When the line containing "lot 5721 image: Precor C964i Treadmill" is found in the data below, copy it and each line after it through the line containing "Elegante casa con moderna arquitectura..", exactly and with no others.
[Opening Recorded information section]
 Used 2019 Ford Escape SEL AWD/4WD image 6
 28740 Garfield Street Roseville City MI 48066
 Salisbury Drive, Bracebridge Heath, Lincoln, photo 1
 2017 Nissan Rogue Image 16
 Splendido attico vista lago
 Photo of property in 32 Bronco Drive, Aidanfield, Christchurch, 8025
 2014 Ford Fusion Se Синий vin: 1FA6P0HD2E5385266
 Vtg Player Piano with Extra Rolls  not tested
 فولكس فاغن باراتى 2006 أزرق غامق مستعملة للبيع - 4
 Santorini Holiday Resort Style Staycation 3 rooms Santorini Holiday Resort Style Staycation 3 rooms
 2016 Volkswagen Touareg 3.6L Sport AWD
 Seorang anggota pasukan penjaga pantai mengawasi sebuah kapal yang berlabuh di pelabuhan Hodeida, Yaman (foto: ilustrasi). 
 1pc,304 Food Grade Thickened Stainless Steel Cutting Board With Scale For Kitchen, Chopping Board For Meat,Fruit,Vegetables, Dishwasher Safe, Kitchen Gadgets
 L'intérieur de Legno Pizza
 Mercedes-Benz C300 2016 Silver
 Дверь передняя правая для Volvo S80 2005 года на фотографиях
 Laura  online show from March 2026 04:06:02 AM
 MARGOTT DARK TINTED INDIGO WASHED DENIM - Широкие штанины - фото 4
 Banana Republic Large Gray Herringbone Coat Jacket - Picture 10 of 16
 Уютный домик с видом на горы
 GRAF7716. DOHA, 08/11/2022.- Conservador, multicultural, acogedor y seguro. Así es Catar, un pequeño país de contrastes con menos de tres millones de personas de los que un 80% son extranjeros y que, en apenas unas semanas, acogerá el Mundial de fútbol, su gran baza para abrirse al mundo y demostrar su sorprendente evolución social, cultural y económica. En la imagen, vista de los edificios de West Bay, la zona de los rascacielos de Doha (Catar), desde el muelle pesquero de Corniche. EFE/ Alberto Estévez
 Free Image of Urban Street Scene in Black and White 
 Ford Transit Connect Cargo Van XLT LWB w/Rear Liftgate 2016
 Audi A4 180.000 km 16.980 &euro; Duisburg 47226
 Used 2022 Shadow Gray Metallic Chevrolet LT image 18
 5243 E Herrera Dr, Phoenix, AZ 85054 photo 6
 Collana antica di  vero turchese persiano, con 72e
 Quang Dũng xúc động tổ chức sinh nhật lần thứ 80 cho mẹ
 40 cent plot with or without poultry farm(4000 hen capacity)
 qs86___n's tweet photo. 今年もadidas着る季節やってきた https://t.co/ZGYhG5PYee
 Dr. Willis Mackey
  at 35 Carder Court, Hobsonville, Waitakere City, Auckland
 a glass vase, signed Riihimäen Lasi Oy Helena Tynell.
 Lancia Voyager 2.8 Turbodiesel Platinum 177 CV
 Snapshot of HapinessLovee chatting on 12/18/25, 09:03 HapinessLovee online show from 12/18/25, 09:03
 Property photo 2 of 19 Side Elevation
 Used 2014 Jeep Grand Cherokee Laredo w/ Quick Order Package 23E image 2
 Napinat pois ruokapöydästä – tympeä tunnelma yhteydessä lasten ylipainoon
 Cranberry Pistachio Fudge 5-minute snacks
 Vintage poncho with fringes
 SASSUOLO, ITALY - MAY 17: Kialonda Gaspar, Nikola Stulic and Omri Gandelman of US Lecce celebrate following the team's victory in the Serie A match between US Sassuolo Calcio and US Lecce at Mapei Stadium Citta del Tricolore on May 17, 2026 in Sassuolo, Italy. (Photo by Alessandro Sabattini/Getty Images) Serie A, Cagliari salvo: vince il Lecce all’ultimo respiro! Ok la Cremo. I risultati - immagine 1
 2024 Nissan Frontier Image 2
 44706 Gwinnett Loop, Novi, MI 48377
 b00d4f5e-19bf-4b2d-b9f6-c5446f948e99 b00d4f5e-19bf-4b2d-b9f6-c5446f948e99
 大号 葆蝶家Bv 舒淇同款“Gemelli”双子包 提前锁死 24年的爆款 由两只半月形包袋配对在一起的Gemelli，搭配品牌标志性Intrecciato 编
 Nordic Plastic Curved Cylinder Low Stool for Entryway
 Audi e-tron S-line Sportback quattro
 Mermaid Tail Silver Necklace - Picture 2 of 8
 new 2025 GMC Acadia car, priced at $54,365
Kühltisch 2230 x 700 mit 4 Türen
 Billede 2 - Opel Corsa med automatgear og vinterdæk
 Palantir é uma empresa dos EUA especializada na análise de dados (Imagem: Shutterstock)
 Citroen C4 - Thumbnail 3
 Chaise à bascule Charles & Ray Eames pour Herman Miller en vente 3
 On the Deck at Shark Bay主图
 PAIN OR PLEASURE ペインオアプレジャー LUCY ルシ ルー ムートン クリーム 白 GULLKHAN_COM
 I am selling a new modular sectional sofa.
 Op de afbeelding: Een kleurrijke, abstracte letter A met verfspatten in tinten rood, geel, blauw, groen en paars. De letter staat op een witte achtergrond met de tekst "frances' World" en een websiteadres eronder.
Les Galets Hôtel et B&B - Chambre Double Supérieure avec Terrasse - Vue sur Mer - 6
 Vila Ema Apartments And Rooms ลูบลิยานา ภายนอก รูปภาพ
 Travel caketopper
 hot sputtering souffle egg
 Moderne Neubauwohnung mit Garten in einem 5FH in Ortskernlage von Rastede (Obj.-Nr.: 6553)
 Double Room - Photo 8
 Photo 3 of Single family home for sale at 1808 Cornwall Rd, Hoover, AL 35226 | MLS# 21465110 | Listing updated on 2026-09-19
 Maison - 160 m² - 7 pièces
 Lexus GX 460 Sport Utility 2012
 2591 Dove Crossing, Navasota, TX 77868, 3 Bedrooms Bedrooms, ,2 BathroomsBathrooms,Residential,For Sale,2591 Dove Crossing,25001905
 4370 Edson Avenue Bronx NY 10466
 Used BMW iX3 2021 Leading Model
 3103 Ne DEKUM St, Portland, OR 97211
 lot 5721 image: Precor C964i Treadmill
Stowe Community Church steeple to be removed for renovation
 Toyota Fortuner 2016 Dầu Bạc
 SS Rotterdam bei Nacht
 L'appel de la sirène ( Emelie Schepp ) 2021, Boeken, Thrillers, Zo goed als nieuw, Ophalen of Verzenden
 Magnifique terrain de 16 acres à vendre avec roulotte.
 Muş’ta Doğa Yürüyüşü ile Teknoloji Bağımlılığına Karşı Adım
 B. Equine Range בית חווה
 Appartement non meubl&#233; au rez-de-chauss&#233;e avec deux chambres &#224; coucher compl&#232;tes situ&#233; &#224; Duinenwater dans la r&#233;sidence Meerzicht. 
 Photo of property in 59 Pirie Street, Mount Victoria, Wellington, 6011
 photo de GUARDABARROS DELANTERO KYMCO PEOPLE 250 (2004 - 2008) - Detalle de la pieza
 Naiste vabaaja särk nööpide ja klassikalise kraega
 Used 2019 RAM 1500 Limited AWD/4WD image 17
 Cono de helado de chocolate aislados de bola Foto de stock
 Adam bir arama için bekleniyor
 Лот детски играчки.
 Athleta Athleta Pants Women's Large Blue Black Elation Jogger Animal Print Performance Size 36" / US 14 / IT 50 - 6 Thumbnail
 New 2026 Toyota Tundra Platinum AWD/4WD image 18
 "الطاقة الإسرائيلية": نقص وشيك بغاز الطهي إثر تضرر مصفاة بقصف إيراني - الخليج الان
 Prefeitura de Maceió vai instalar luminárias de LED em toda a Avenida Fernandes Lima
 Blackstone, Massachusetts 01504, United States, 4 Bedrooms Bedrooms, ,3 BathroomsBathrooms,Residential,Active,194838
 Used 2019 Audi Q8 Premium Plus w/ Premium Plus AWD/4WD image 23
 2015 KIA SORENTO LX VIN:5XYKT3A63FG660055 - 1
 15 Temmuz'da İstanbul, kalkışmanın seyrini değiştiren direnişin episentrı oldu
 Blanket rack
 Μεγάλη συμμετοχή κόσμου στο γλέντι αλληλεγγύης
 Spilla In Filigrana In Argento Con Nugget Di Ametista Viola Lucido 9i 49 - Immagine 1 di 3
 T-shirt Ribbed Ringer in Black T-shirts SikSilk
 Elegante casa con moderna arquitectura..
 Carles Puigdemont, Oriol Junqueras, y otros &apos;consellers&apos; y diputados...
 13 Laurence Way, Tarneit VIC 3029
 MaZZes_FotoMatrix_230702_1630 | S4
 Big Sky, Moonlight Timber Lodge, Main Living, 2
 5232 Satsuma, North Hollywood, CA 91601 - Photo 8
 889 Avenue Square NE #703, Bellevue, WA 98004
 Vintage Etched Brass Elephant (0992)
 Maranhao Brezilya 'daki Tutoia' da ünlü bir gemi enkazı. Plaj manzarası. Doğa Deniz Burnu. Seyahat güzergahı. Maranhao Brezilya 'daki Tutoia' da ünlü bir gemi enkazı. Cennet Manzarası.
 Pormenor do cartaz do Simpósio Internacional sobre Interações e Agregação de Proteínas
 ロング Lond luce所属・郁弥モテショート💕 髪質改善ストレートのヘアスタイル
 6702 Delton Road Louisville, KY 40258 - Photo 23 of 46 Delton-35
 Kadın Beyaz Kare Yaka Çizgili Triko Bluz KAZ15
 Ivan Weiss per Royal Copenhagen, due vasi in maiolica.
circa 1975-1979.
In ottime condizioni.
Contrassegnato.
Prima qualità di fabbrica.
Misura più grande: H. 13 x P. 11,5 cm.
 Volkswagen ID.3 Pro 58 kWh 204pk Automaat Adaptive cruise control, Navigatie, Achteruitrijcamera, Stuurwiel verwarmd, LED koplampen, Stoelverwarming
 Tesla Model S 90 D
[Closing Recorded information section]
[Solution for this problem]:
 lot 5721 image: Precor C964i Treadmill
Stowe Community Church steeple to be removed for renovation
 Toyota Fortuner 2016 Dầu Bạc
 SS Rotterdam bei Nacht
 L'appel de la sirène ( Emelie Schepp ) 2021, Boeken, Thrillers, Zo goed als nieuw, Ophalen of Verzenden
 Magnifique terrain de 16 acres à vendre avec roulotte.
 Muş’ta Doğa Yürüyüşü ile Teknoloji Bağımlılığına Karşı Adım
 B. Equine Range בית חווה
 Appartement non meubl&#233; au rez-de-chauss&#233;e avec deux chambres &#224; coucher compl&#232;tes situ&#233; &#224; Duinenwater dans la r&#233;sidence Meerzicht. 
 Photo of property in 59 Pirie Street, Mount Victoria, Wellington, 6011
 photo de GUARDABARROS DELANTERO KYMCO PEOPLE 250 (2004 - 2008) - Detalle de la pieza
 Naiste vabaaja särk nööpide ja klassikalise kraega
 Used 2019 RAM 1500 Limited AWD/4WD image 17
 Cono de helado de chocolate aislados de bola Foto de stock
 Adam bir arama için bekleniyor
 Лот детски играчки.
 Athleta Athleta Pants Women's Large Blue Black Elation Jogger Animal Print Performance Size 36" / US 14 / IT 50 - 6 Thumbnail
 New 2026 Toyota Tundra Platinum AWD/4WD image 18
 "الطاقة الإسرائيلية": نقص وشيك بغاز الطهي إثر تضرر مصفاة بقصف إيراني - الخليج الان
 Prefeitura de Maceió vai instalar luminárias de LED em toda a Avenida Fernandes Lima
 Blackstone, Massachusetts 01504, United States, 4 Bedrooms Bedrooms, ,3 BathroomsBathrooms,Residential,Active,194838
 Used 2019 Audi Q8 Premium Plus w/ Premium Plus AWD/4WD image 23
 2015 KIA SORENTO LX VIN:5XYKT3A63FG660055 - 1
 15 Temmuz'da İstanbul, kalkışmanın seyrini değiştiren direnişin episentrı oldu
 Blanket rack
 Μεγάλη συμμετοχή κόσμου στο γλέντι αλληλεγγύης
 Spilla In Filigrana In Argento Con Nugget Di Ametista Viola Lucido 9i 49 - Immagine 1 di 3
 T-shirt Ribbed Ringer in Black T-shirts SikSilk
 Elegante casa con moderna arquitectura..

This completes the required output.